Especialistas ouvidos por IMPRENSA destacam as principais ferramentas para quem quer começar a trabalhar com jornalismo de dados

Excel e Open Office

Planilhas eletrônicas são o “bloquinho e caneta” dos dados. Elas estão em quase todo computador, além de relativamente fáceis de usar. Com elas é possível aplicar ou mixar bases de dados diferentes, criar tabelas dinâmicas e extrair resultados.

Quadrigr.am/ Infogr.am

Ferramentas de fácil utilização, voltadas para criar design de dados e infográficos interativos.

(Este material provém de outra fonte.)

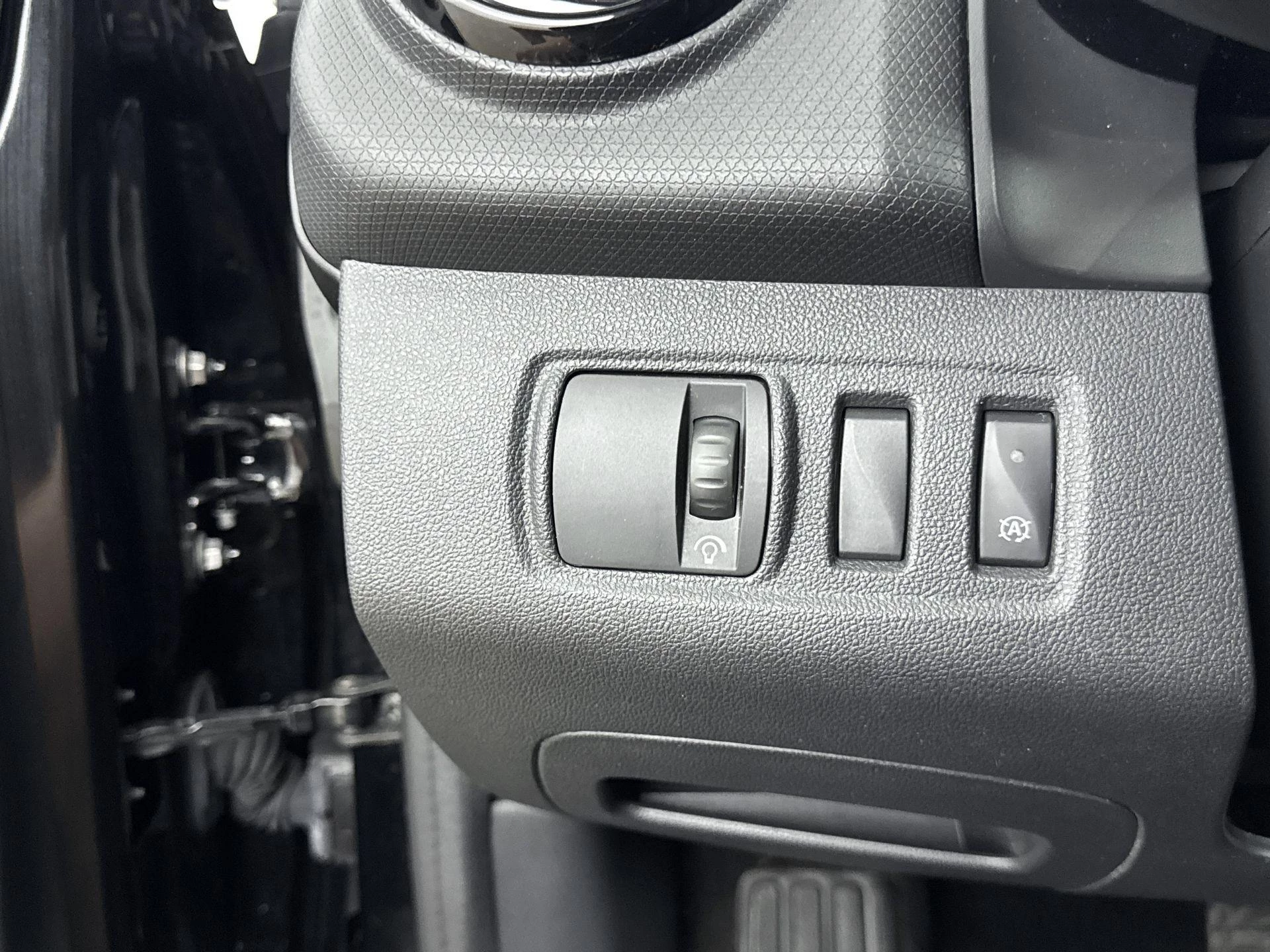 Renault-Clio-image-14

Google Spreadsheets/ Google Docs

Ideal para compartilhar dados de forma gratuita com outros jornalistas, além de criar planilhas eletrônicas. 

Google Fusion Tables

Permite trabalhar com bases de dados, ordená-los para apresentação estatística, criar gráficos e mapas com recurso de geolocalização. Os resultados podem ser compartilhados através de um link na própria reportagem. 

Data Wrapper

Cria gráficos, tabelas e mapas que podem ser embedados em reportagens online a partir da base de dados fornecida pelo jornalista.

Python

Possui linguagem de programação intuitiva e que auxilia o repórter a organizar sua base de informações, permitindo agrupamentos, limpeza e tratamento dos dados.

Tableau

Cria infográficos a partir de planilhas. Não tem a mesma flexibilidade que se teria programando do zero, mas depois de pegar o jeito é possível montar uma peça poderosa em poucos minutos.